Moi, je sautai sur Canrobert. Il donnait déjà aux doigts la sensation d'une volaille flambée. Je le fis disparaître, en le tenant par le cou, sous ma jupe.
—Il se trahira, criait Pimprenet larmoyant et tremblant; vous ne l'empêcherez pas de chanter…
—Que si! dis-je, étant dans la rue. Et, sous ma jupe, moi, qui n'ai seulement jamais consenti à ôter la vie à une mouche, je tordais le cou à un coq, à quel coq!… J'avais envie de son bouillon, monsieur!…
Eh bien, ma gourmandise n'a pas été satisfaite. Le bouillon de poulet n'avait pas commencé d'embaumer mon petit réduit que le voisinage accourait. Tout se sait, vous pense bien. Le coq de Pimprenet n'avait pas pu disparaître par enchantement. Et c'était madame Une Telle qui se mourait de la poitrine, et madame Une Telle dont l'estomac n'endurait plus le pain, et un misérable blessé qui criait justement après une tasse de bouillon, etc., etc. Des bouillons, il en a fourni, le pauvre Canrobert! Et quand il n'y en avait plus, il y en avait encore! J'allongeais avec de l'eau, pardi. Aux derniers servis, c'était de l'illusion, à la tasse, que je versais, monsieur, il n'en est pas resté pour moi.
LEUR COEUR
Il était arrivé à l'hôpital militaire en pleine nuit, avec deux cent soixante-quatorze autres blessés, après trente-six heures de train. Un grand haquet, non suspendu, chargé à chaque tournée de six brancards, l'avait déposé devant les marches de marbre, sous l'aveuglante lumière des lampadaires électriques, entre des camarades que les cahots faisaient sourdement gémir. Sa fiche portait: «blessure éclat d'obus, région sous-claviculaire gauche, entorse pied gauche»; le médecin-chef, en la déchiffrant, prononça: «Salle 28, pour madame Vanves», et deux infirmiers, l'un militaire, l'autre «bénévole» dont le pas n'atteignait jamais la cadence voulue, le portèrent à grandes secousses jusqu'à la salle 28. Il était, à cause de sa jambe, parmi les «couchés», mais son état était bénin, en somme; un homme plus éreinté, plus hébété, que souffrant. Dans la pénombre du long corridor, il perçut, comme la fraîcheur d'un feuillage sous la brise, les coiffes et les robes blanches des infirmières affairées.
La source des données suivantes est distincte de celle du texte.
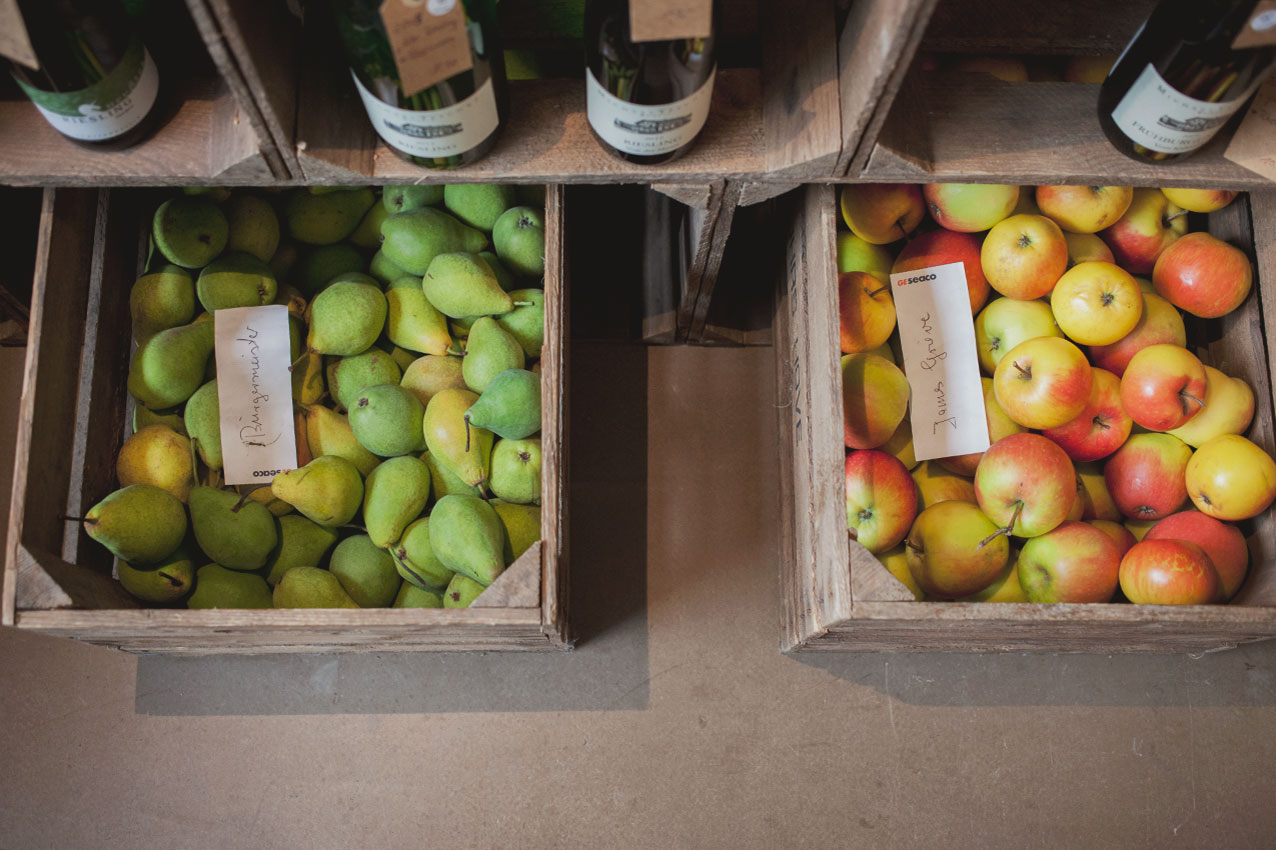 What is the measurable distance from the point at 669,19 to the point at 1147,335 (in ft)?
2.79

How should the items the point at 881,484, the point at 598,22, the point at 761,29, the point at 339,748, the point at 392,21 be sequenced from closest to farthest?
the point at 392,21
the point at 598,22
the point at 761,29
the point at 881,484
the point at 339,748

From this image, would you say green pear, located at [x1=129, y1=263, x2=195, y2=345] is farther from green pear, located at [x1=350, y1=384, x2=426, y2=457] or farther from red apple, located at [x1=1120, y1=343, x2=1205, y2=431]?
red apple, located at [x1=1120, y1=343, x2=1205, y2=431]

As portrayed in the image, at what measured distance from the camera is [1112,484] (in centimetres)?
122

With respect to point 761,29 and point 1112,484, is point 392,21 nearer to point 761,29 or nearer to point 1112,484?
point 761,29

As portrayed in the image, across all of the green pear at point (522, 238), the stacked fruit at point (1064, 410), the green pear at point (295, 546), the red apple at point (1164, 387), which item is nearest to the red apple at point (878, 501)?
the stacked fruit at point (1064, 410)

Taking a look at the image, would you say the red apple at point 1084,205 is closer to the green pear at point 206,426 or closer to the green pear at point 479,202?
the green pear at point 479,202

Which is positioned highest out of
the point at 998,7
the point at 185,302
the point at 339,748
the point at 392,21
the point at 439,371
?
the point at 998,7

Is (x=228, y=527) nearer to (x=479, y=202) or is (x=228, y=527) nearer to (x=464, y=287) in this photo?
(x=464, y=287)

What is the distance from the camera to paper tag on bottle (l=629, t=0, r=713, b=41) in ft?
2.64

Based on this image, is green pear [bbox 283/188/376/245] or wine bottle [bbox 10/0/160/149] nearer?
wine bottle [bbox 10/0/160/149]

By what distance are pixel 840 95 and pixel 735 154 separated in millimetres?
133


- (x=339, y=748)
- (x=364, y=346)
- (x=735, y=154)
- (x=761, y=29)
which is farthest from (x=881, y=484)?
(x=339, y=748)

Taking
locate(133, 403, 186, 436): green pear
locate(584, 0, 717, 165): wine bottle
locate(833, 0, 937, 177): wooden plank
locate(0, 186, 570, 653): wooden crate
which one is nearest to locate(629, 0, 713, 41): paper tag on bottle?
locate(584, 0, 717, 165): wine bottle

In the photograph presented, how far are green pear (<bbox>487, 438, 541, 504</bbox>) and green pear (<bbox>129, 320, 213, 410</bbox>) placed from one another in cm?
47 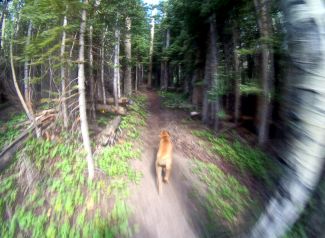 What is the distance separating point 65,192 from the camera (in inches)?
255

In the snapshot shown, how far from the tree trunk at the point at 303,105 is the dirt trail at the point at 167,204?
3850mm

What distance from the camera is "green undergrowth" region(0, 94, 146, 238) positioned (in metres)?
5.60

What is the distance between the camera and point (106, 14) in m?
7.52

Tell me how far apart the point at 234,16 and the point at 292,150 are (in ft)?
34.5

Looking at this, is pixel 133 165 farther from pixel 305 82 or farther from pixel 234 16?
pixel 234 16

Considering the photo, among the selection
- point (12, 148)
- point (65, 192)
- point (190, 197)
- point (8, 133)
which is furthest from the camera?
point (8, 133)

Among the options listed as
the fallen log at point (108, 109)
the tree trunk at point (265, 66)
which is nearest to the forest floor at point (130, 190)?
the tree trunk at point (265, 66)

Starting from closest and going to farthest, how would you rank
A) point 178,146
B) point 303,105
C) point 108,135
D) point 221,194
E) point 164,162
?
point 303,105 < point 164,162 < point 221,194 < point 108,135 < point 178,146

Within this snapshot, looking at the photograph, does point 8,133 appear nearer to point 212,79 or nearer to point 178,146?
point 178,146

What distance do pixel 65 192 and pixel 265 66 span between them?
8430 millimetres

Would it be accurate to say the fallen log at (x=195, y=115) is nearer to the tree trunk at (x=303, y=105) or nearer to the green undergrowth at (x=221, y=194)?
the green undergrowth at (x=221, y=194)

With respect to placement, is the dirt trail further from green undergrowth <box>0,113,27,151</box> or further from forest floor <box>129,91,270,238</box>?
green undergrowth <box>0,113,27,151</box>

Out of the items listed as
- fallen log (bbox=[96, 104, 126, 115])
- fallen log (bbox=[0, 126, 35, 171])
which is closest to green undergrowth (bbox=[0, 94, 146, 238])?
fallen log (bbox=[0, 126, 35, 171])

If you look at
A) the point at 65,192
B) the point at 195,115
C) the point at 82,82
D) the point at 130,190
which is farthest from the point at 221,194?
the point at 195,115
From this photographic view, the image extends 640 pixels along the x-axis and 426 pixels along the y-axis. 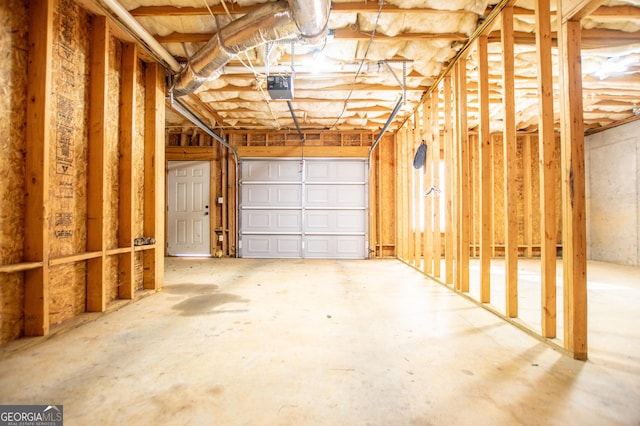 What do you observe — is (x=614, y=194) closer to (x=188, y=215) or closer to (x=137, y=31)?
(x=137, y=31)

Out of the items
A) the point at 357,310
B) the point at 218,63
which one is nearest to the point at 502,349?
the point at 357,310

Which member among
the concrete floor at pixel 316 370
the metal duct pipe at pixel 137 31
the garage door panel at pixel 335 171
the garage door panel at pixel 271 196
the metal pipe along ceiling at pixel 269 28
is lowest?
the concrete floor at pixel 316 370

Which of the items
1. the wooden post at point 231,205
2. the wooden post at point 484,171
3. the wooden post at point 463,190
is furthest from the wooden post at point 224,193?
the wooden post at point 484,171

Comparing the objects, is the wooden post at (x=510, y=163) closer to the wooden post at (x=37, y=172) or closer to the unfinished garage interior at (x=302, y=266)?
the unfinished garage interior at (x=302, y=266)

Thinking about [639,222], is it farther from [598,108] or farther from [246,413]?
[246,413]

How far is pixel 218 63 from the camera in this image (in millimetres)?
3062

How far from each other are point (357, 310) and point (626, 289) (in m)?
3.79

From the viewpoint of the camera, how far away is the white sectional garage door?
22.0 ft

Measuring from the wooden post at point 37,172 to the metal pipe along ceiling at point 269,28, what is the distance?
1.27m

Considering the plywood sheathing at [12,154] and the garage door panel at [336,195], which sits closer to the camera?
the plywood sheathing at [12,154]

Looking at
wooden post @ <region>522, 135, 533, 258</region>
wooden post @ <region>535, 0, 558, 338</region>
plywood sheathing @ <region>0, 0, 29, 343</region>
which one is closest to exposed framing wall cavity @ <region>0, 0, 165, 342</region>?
plywood sheathing @ <region>0, 0, 29, 343</region>

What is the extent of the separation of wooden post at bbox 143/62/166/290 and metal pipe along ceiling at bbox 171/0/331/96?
0.77 meters

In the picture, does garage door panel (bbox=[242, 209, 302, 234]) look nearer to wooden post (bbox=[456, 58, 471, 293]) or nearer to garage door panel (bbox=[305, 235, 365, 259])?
garage door panel (bbox=[305, 235, 365, 259])

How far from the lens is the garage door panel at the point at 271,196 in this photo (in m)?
6.73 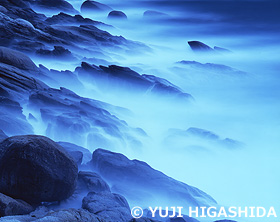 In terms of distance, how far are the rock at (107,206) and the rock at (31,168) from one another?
0.37 m

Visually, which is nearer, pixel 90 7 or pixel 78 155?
pixel 78 155

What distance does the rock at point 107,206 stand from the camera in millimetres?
3822

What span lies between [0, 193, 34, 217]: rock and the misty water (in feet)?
8.27

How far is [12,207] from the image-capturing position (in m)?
3.57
On le déposa sur le lit 71:
—Madame Vanves, c'est pour vous…
Madame Vanves, occupée déjà au déshabillage d'un pauvre fusilier marin dont la tête disparaissait presque complètement, empaquetée à la hâte, comme un bloc de glace, sous le pansement, provisoire de l'ambulance du front, ne se détourna même pas. Le malheureux d'ailleurs, la regarda à peine. Depuis dix mois de campagne, c'était la première fois qu'il était «amoché», et les détails de l'hôpital, la personnalité d'une infirmière, ne lui disaient rien; l'hôpital, seul, lui parlait, lui disait: «Enfin! enfin! un lieu paisible et couvert!… un lit!… des lits nombreux; tous les hommes dans des lits!…» Il eut un ressouvenir d'enfance, d'une longue coqueluche qu'il avait eue, à quatorze ans, au sortir de l'école primaire. Et ce souvenir d'une maladie, dans un lieu calme, lui apparut comme idyllique. Après deux jours et une nuit de supplice dans le wagon de marchandises, l'immobilité, enfin! Après trois cents jours passés au milieu du vacarme des marmites et du 75, le brouhaha d'une salle d'hôpital de l'arrière, même au moment de l'arrivée d'un convoi de blessés, quel silence! quelle douceur!…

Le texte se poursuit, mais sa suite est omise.